The next step was feeding the extracted text of both models into the BERT classifier for training. Eventually, the training logs showed that BERT wasn’t trained at all. This could possibly happen due to the following factors:
- Converting audio speech into text basically means losing information about the pitch, pauses, and loudness. Once we extract the text, there is no way feature extractors can convey this information, while it’s meaningful to consider pauses during the dementia classification.
- The second reason is that the BERT model uses predefined vocabulary to convert word sequences into tokens. Depending on the quality of recording, the model can lose the information it’s unable to recognize. This leads to omission of, for example, incorrect words that still make sense to the prediction results.
As long as this approach doesn’t seem to bring meaningful results, let’s proceed to the end-to-end processing approach and discuss the training results.

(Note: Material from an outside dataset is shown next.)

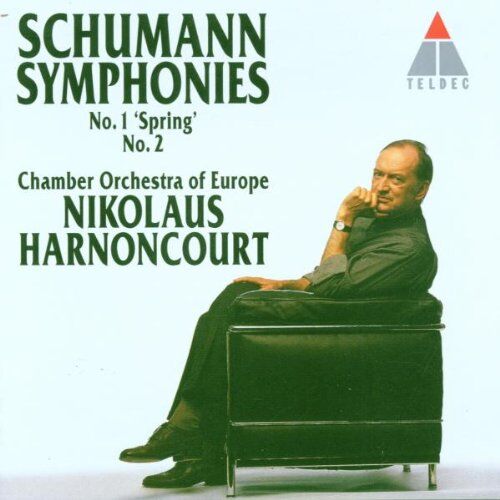 Nikolaus Harnoncourt - Sinfonien 1 und 2 - Preis vom 11.10.2026 23:13:37 h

Neural networks represent a stack of layers, where each of the layers is responsible for catching some information. In the early layers, models learn the information about raw sound units also called low-level audio features. These have no human-interpretable meaning. Deep layers represent more human-understandable features like words and phonemes.
End-to-end approach entails the use of speech features from intermediate layers. In this case, speech representation models (ALBERT or HuBERT) were used as feature extractors. Both feature extractors were used as a Transfer learning while classification models were fine-tuned. For these classification tasks we used two custom s3prl downstream models: an attention-based classifier that was trained on SNIPS dataset and a linear classifier that is trained on Fluent commands dataset, but eventually both models were fine-tuned using Dementia dataset.
Looking at inference results of the end-to-end solution, it’s claimed that using speech features, instead of text, with fine-tuned downsample models led to more meaningful results. Namely, the combination of HuBERT and an attention-based model shows the most concise result among all approaches. In this case, classifiers learned to catch relevant information that could help differentiate between healthy people and those with Dementia.
For the explicit description of what models and methods for fine-tuning were used, you can download the PDF of this article.
Given the two different approaches to dementia classification with AI, we can derive a couple of recommendations to improve the model output:
Use more data. Dementia can have different manifestations depending on the cause and patient age, as symptoms will basically vary from person to person. Obtaining more data samples with dementia speech representations allows us to train models on more diverse data, which can possibly result in more accurate classifications.
Improve preprocessing procedure. Besides the number of samples, data quality also matters. While we can’t correct the initial defects in speech or actual recording, using preprocessing can significantly improve audio quality. This will result in less meaningful information lost during the feature extraction and have a positive impact on the training.
Alter models. As an example of end-to-end processing, different upstream and downstream models show different accuracy. Trying different models in speech classification may result in improvement of classification accuracy.
As the test results show, applying neural networks to analyzing dementia audio recordings can generate accurate suggestions. Training neural networks for speech classification tasks is a complex exercise that requires data science expertise as well as audio processing knowledge.